Mentre le temperature globali salgono e in quasi ogni parte del mondo si è costretti a fronteggiare le emergenze climatiche, la finanza sostenibile va in crisi. Infatti, le vendite di fondi comuni di investimento incentrati sul clima sono diminuite del 75% in due anni.

Secondo i dati Morningstar citati dal Financial Times, il nuovo influsso di denaro incanalato nei fondi comuni di investimento focalizzati sul clima è sceso a 37,8 miliardi di dollari nel 2023, con un crollo verticale rispetto ai 151 dollari del 2021. Si tratta dell’anno peggiore in termini di afflussi netti dal 2019.

Solo nel 2023, negli Stati Uniti, i legislatori repubblicani di ben dodici stati hanno emanato normative anti-Esg, i parametri di sostenibilità ambientale, sociale e di governance. Attualmente, sono diciannove gli Stati negli Usa che hanno leggi di questo tipo.

Si parla di investimenti “woke”, letteralmente “svegliati”, ma in realtà traducibili come consapevoli rispetto alle ingiustizie. Questo termine, mutuato dalla cultura afro-americana, in alcuni ambienti sta diventando quasi un insulto (quindi, mi par di capire, essere consapevoli e impegnati non va bene…).

La finanza è uno di quelli. Quando è abbinato agli investimenti, il termine “woke” attira non solo commenti negativi ma anche reazioni politiche. Come abbiamo visto, negli Stati Uniti la tendenza anche legislativa è stat quella di limitare o eliminare notevolmente gli investimenti “woke”, ovvero quelli più sostenibili sotto il profilo ambientale, sociale e di governance.

Negli Usa, gli ambienti dai quali giungono queste critiche sono legati soprattutto alla destra conservatrice. E sembrano proprio il canto del cigno: il disperato tentativo di chi ha sguazzato nei propri privilegi, senza preoccuparsi troppo del resto del mondo, con il quale perfino ora, che la Terra non ne può più di noi e il tempo stringe, proprio non vuole scendere a patti.

Almeno, questo è quanto emerge dai dati di Morgan Stanley, secondo cui il 50% degli investitori e, più in dettaglio, quasi il 75% degli investitori Millennial hanno apportato modifiche agli investimenti – o hanno pianificato di farlo – in una prospettiva di maggiore consapevolezza ambientale e sociale. Viva i Millennial, quindi!

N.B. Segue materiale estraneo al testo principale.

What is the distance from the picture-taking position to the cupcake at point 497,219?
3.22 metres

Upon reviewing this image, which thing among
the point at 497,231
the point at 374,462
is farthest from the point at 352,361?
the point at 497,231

E invece, alcuni investitori e perfino alcune personalità dello showbiz conservatrici stanno investendo milioni di dollari per costruire quella che chiamano “economia parallela” (o anche, in maniera ancora più rivelatrice, “economia patriottica”). Cioè, al grido di “non si può più dire niente”, stanno investendo i propri soldi per creare un universo parallelo fatto di mezzi di comunicazione, così come altre attività in diversi settori produttivi, che si rivolgono al pubblico conservatore nel tentativo di combattere il “risveglio”.

E siamo arrivati al punto che i conservatori hanno montato la protesta contro quei marchi che hanno espresso il proprio impegno nei confronti della comunità Lgbtq+, dell’equità o delle cause femministe.

Hanno boicottato perfino Bud Light (non riesco a immaginare niente di più macho di una buona birra fredda, eppure…). Pare volessero punirla perché aveva lanciato una campagna di marketing con la star trans* Dylan Mulvaney.

Insomma, il mondo al contrario (questa l’ho già sentita…).

Chissà perché, ci ostiniamo a non capire che l’Homo Oeconomicus è un narcisista patologico e che, per fortuna, non esiste. E perché non vogliamo davvero convincerci che il benessere individuale si raggiunge solo insieme al benessere collettivo (e non in alternativa a esso).